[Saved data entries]
|---|

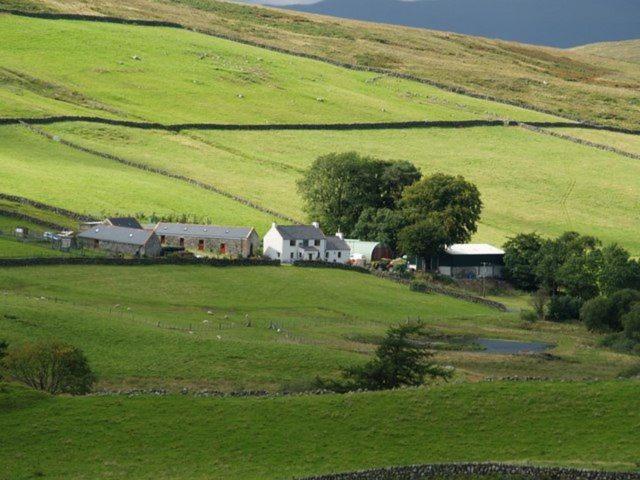 Grobdale Byre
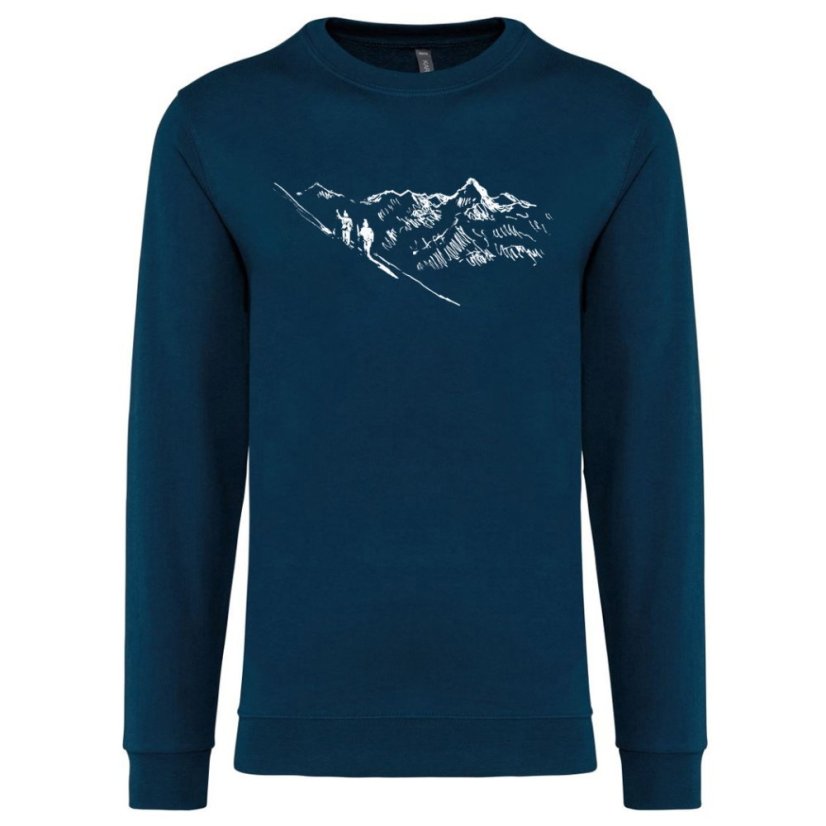 Mikina Cesta do hôr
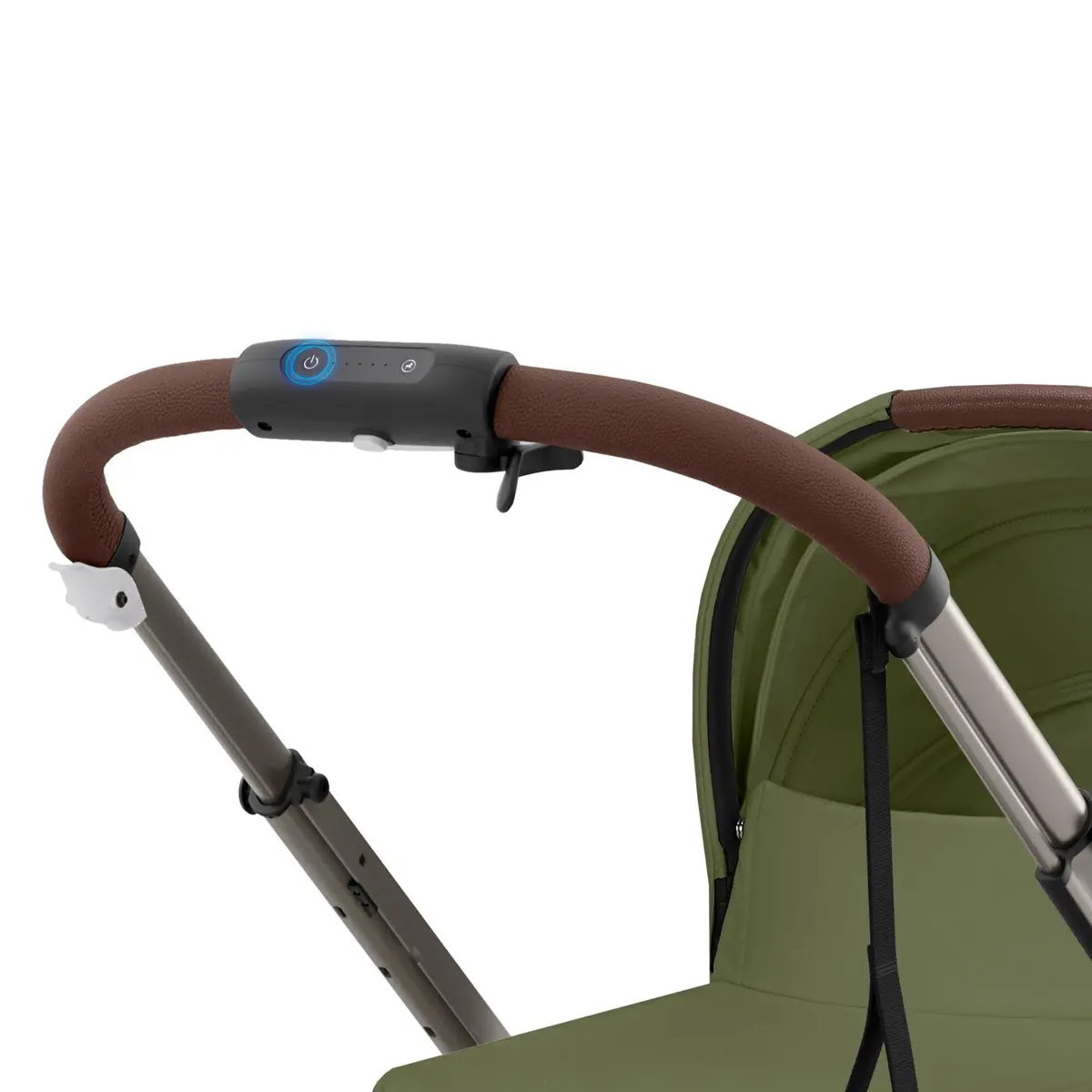 Cybex Egazelle S Comfort Kit - Moss Green 3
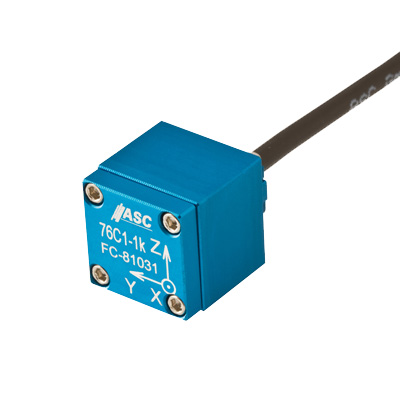 ASC 76C1 压阻式三轴加速度传感器(碰撞实验)_压阻式加速度传感器_德国ASC_按品牌分类_产品中心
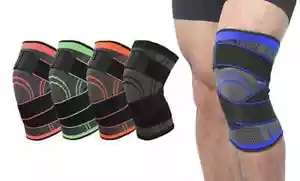 Kniebandage Kompressionsmanschette - Bild 1 von 7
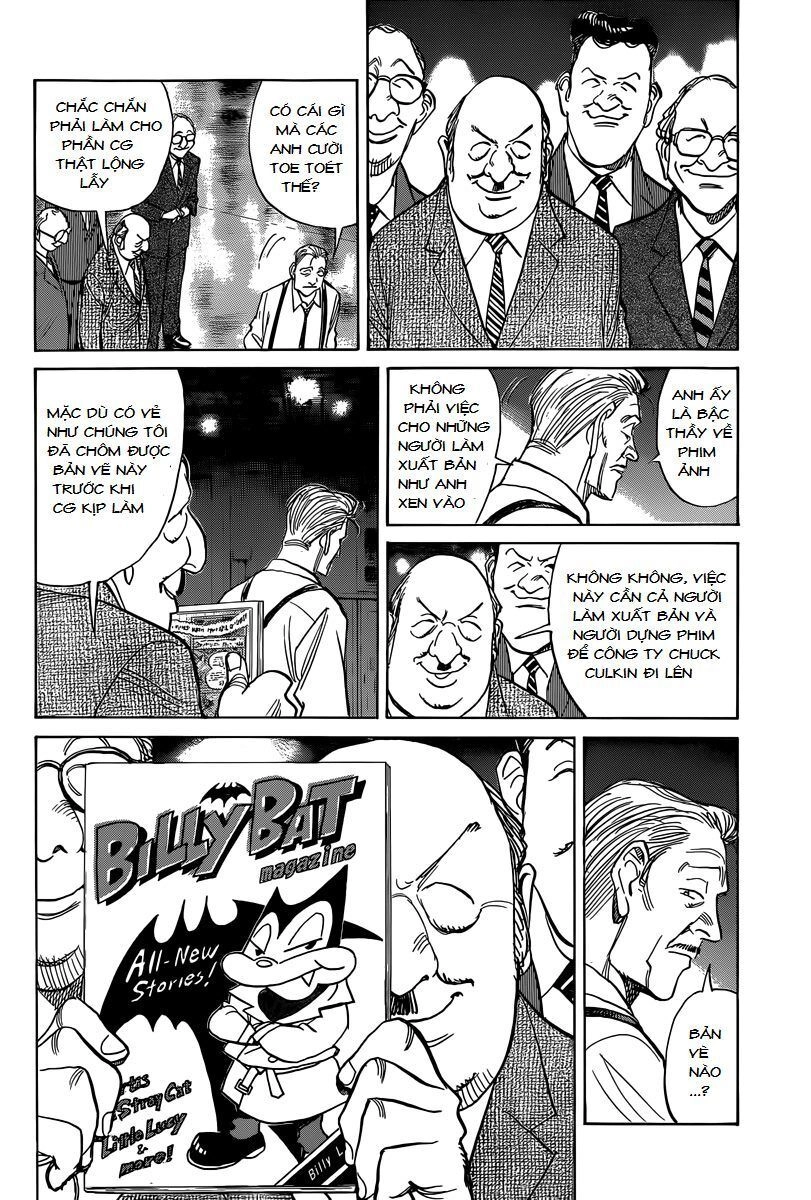 Billy Bat Chapter 114 - 4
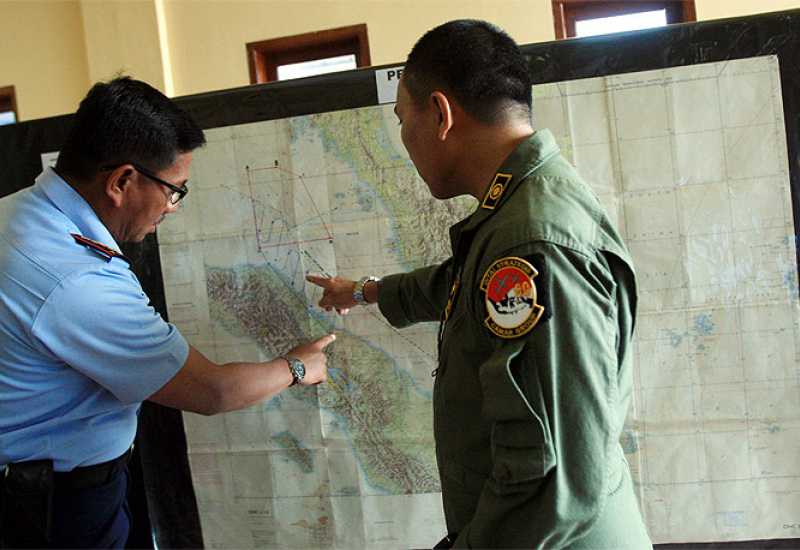 Malezijski zrakoplov najvjerojatnije srušio se u kambodžanskoj džungli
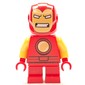 Iron Man with Short Legs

|---|

- **What the exercise asks**
Your answer should hold only the lines from the line with "Malezijski zrakoplov najvjerojatnije" through the closing line of the records, restated exactly and free of pictures.

- **Result of this exercise**
 Malezijski zrakoplov najvjerojatnije srušio se u kambodžanskoj džungli
 Iron Man with Short Legs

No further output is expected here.